EXERCISE
Look through the records below for the line holding "NE555 controlled 9". Write it out exactly, with each following line through the line holding "Replicas Star Wars".

Segment Start: INPUT

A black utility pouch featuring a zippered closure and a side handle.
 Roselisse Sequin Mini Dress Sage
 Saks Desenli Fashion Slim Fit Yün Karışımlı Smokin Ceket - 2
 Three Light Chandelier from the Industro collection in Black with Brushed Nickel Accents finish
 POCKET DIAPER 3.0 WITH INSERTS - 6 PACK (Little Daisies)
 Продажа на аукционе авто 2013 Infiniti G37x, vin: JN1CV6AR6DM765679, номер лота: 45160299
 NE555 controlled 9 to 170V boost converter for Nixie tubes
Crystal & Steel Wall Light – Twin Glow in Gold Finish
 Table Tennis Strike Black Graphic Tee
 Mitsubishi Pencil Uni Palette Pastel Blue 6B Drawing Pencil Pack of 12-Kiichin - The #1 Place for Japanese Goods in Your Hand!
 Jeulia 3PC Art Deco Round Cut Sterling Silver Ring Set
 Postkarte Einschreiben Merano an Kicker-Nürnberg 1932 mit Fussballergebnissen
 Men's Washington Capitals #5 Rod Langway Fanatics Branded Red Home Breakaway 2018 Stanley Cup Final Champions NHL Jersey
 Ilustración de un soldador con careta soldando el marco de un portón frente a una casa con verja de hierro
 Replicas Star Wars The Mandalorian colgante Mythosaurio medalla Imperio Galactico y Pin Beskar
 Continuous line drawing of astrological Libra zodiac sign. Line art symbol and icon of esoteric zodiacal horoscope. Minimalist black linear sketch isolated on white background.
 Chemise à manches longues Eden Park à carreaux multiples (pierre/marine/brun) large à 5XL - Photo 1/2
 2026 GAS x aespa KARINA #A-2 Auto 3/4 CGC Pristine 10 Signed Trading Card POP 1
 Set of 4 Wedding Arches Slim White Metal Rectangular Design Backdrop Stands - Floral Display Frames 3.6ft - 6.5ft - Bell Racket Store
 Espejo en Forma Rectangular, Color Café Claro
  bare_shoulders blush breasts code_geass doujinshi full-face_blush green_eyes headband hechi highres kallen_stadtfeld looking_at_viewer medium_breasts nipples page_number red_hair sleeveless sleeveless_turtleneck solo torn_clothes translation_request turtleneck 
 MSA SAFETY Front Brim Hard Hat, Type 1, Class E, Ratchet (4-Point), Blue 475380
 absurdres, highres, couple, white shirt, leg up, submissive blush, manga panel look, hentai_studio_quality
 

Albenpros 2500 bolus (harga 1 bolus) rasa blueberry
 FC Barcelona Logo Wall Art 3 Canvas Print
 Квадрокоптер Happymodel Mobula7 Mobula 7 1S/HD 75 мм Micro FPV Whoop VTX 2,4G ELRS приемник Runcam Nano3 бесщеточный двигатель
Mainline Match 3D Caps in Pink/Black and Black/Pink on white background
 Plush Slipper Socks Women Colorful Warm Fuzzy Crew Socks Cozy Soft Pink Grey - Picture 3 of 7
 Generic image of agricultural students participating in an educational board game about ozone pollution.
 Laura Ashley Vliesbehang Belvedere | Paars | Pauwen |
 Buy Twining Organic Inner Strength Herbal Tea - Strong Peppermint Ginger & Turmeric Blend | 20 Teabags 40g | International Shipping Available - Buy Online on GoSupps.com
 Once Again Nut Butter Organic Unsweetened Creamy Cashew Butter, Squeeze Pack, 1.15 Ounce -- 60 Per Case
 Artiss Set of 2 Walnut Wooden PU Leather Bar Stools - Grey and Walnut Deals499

Segment End: INPUT

TASK OUTPUT
 NE555 controlled 9 to 170V boost converter for Nixie tubes
Crystal & Steel Wall Light – Twin Glow in Gold Finish
 Table Tennis Strike Black Graphic Tee
 Mitsubishi Pencil Uni Palette Pastel Blue 6B Drawing Pencil Pack of 12-Kiichin - The #1 Place for Japanese Goods in Your Hand!
 Jeulia 3PC Art Deco Round Cut Sterling Silver Ring Set
 Postkarte Einschreiben Merano an Kicker-Nürnberg 1932 mit Fussballergebnissen
 Men's Washington Capitals #5 Rod Langway Fanatics Branded Red Home Breakaway 2018 Stanley Cup Final Champions NHL Jersey
 Ilustración de un soldador con careta soldando el marco de un portón frente a una casa con verja de hierro
 Replicas Star Wars The Mandalorian colgante Mythosaurio medalla Imperio Galactico y Pin Beskar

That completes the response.